Thursday, February 28, 2013

york literature festival special feature one: tanka and japanese drumming

Today we have the first of our two scoops on events running at the York Literature Festival.




Many thanks to poet Oz Hardwick for giving us more insight on how this highly interesting collaboration came into being.

Oz says: The long version of the story goes back about 20 years to when I was in a band with a chap called Aaron Turner. Subsequently we've run into each other on and off, most recently in situations where he's been playing with Kaminari Taiko, who are the only group in the north of England playing Japanese style percussion, and I've been reading my poetry.

So it was that about 2 years ago he asked me if I would be interested in writing something to complement some percussive pieces. I've always had an interest in short forms (most of my earliest publications were in places like Haiku Quarterly, Presence & still), and I've also worked with a lot of different musicians, so I jumped at the chance.
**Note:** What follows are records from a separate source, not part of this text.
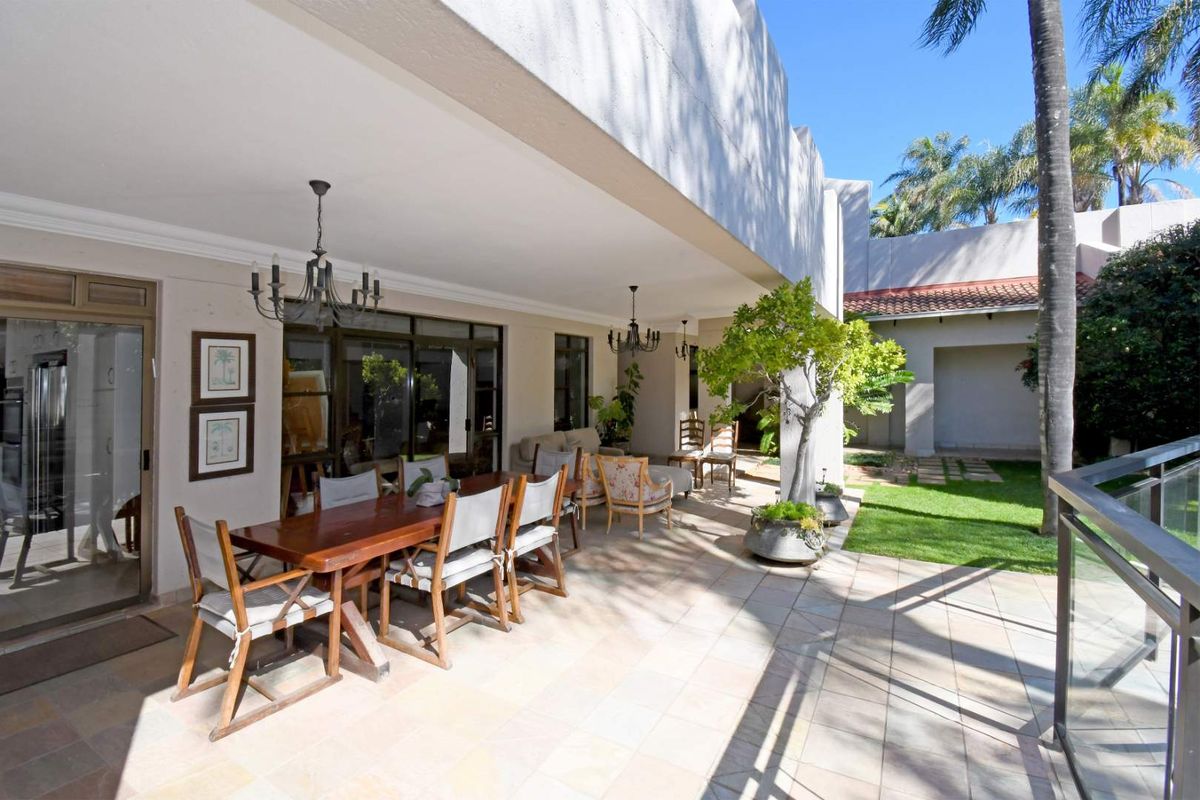 Spacious family home in ultra secure complex with full back up water and power - Photo 5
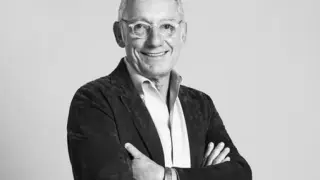 Светът на модата осиротя: Загина основателят на световна верига за дрехи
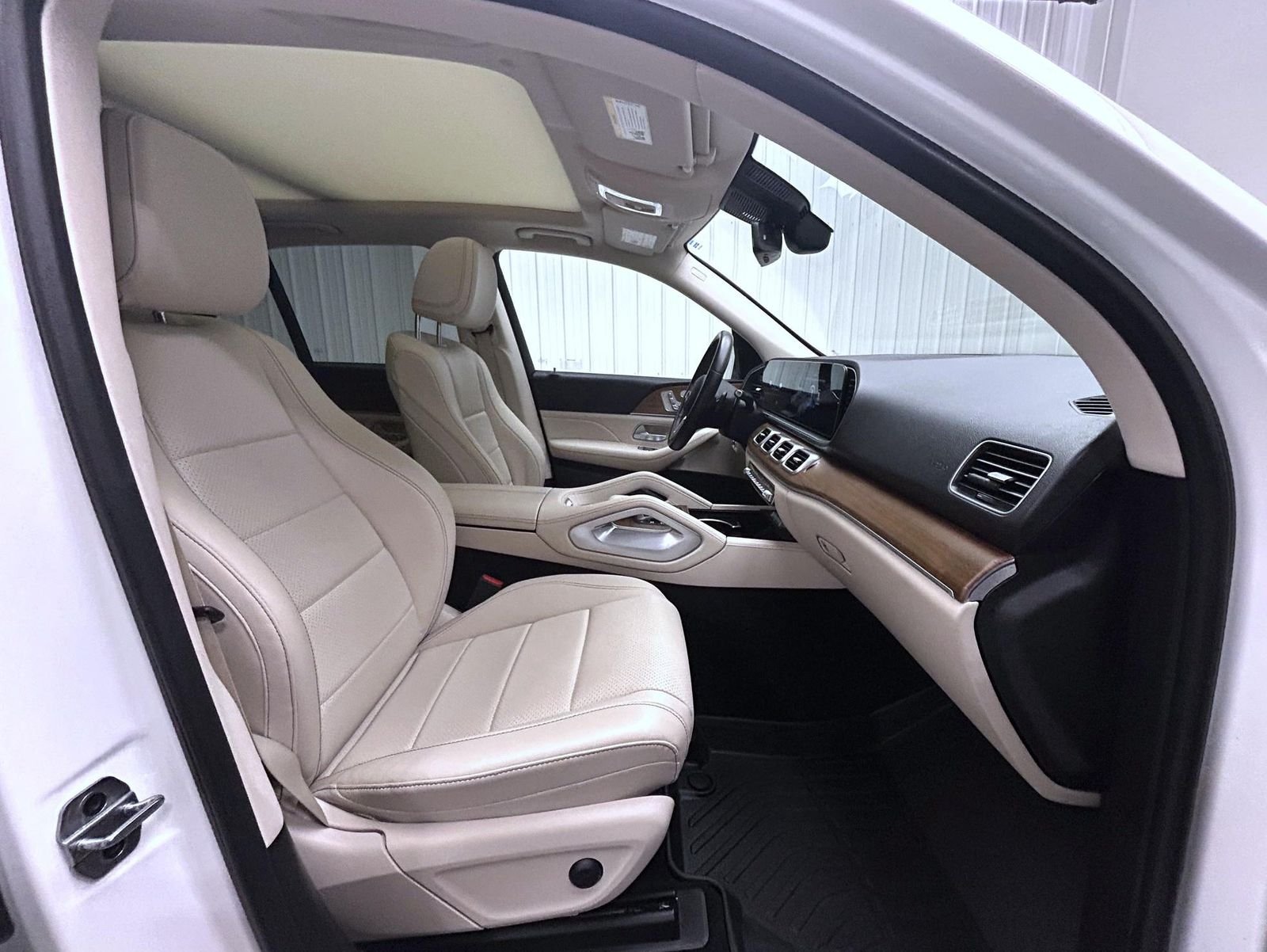 Used 2022 White Mercedes-Benz GLE 350 image 15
I thought it would be interesting to have two voices, so I involved Amina Alyal, whose work I have always liked, and we set about writing an extended sequence of mostly tanka.

We started with a few ideas each - my own approach was to mix aspects of medieval English poetry with medieval Japanese verse - but then started responding to each other's work to the extent that there are several sections of the piece that I can't remember who wrote them.

We presented these to Aaron, who arranged them with existing taiko sequences as well as developing with Kaminari some new sections. Naturally, once it all came together, we then all started tweaking bits and pieces so that the words and music really come alive with each other. 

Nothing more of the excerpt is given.